Le Département ne veut-il pas introduire durant ces périodes une initiation à l’anglais nécessaire selon le Plan d’études ? Ces heures pourraient facilement être placées durant le reste de la semaine. « Reste aussi à savoir ce mercredi matin amènera. Une nouvelle fonction d’enseignants ? Des enseignants bouches trous ? Des enseignants spécialistes comme au secondaire ? En d’autres termes, la fin de l’école primaire que nous avons toutes et tous connue », s’interrogent-ils.

Manque de moyens

Selon eux, le problème principal réside dans le manque de moyens. Ceux qui sont dévolus au primaire restent notoirement insuffisants par rapport au secondaire. « Ces dernières années, on a réduit ou supprimé les cours d’appui pour les élèves en difficulté, les cours de couture, de travaux manuels ou de rythmique. Elles sont pourtant indispensables pour le bon développement de l’enfant », se lamente CC*. L’enseignante avoue même avoir acheté du matériel pédagogique ou des ordinateurs pour assurer sa mission. « Les élèves sont censés, selon le plan d’études, avoir une initiation à l’informatique de 45 minutes sur 2 semaines. Mais avec un ordinateur pour 20 élèves, cela veut dire que chacun n’a droit qu’à 9 minutes de cours », dénonce-t-elle.

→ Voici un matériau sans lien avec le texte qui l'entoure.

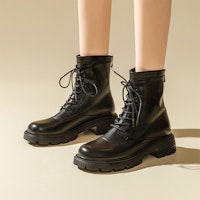 (W) 엑설Q 키높이 부츠 (브리티시 블랙) 7218603660 Purchase (W) 엑설Q 키높이 부츠 (브리티시 블랙) 7218603660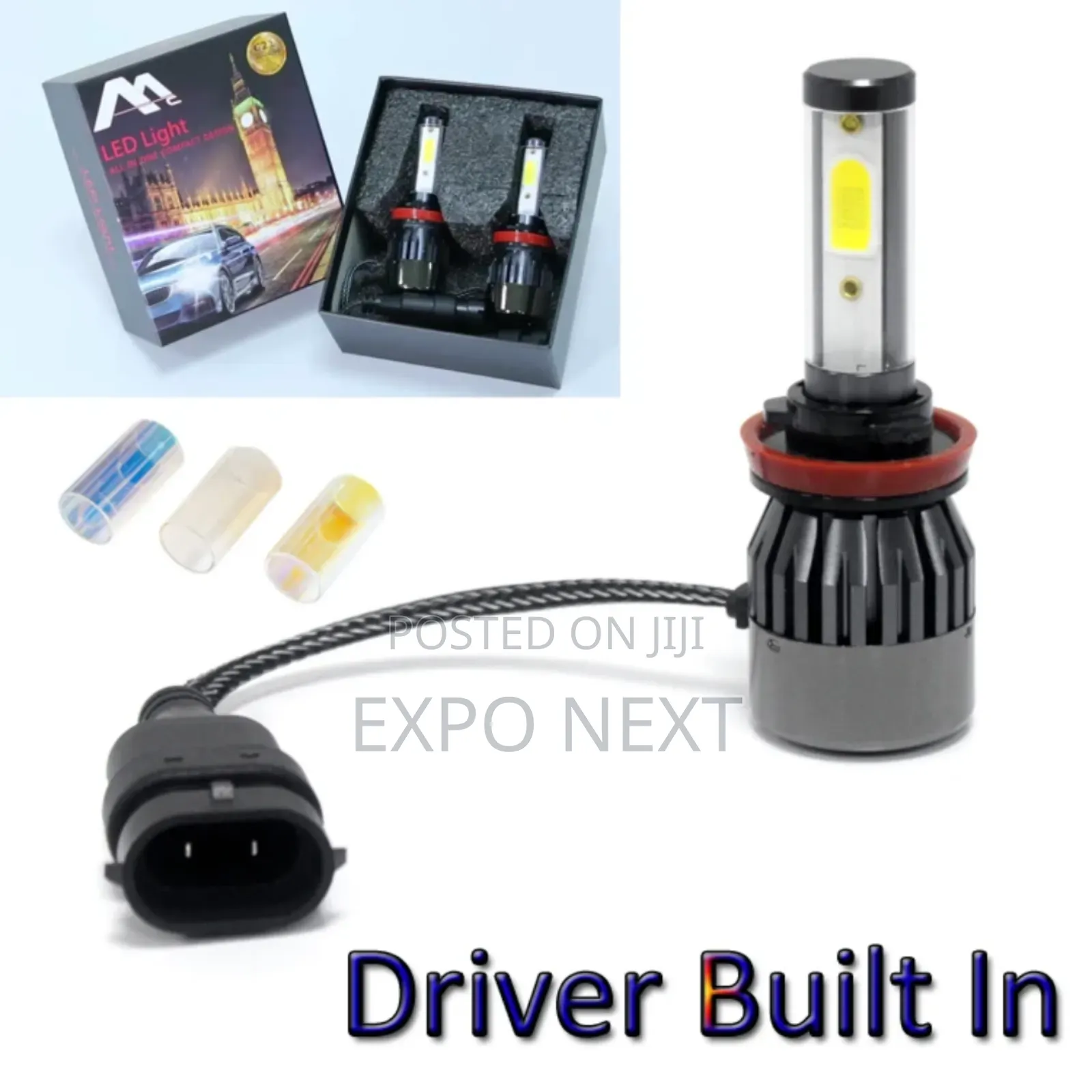 New Universal Xenon Hid Led  Headlight Bulbs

« Les moyens pour le primaire ont été redéployés vers le Réseau d’enseignement prioritaire (REP), ce qui est bien, mais aussi vers la création de 90 postes de directeurs salariés dans les écoles », renchérit PT*. Pour lui, la mise en place d’un mercredi matin d’école se fera aussi au détriment des activités extrascolaires – que cela soit dans le domaine sportif ou culturel – nécessaires à l’enfant. Lui-même prend de son temps pour accompagner des élèves dans des tournois divers qui sont organisés le samedi ou le mercredi en sus de son horaire de 29 périodes.

« Nous n’avons plus d’infirmière »

« Les enseignants sont de plus en plus démotivés par la surcharge de travail », précise-t-il encore. « Nous accueillons dans nos classes des élèves dyslexiques ou dysphasiques, sans avoir le moindre soutien pédagogique », explique-t-il. « Depuis deux mois, nous n’avons plus d’infirmière. Je ne sais pas comment nous réagirions en cas d’épidémie de rougeole », proclame-t-il.

De plus pour PT, l’enjeu de Charles Beer dans cette votation est d’obtenir une victoire politique « afin que son ego surdimensionné soit au top ». « La réelle vision pédagogique, il n’en tient pas compte et de toute manière il laissera la patate chaude des résultats de ces votations à son successeur », explique PT. Autant de raisons qui le pousseront, comme tous ses collègues, à voter non à l’introduction du mercredi matin à l’école primaire.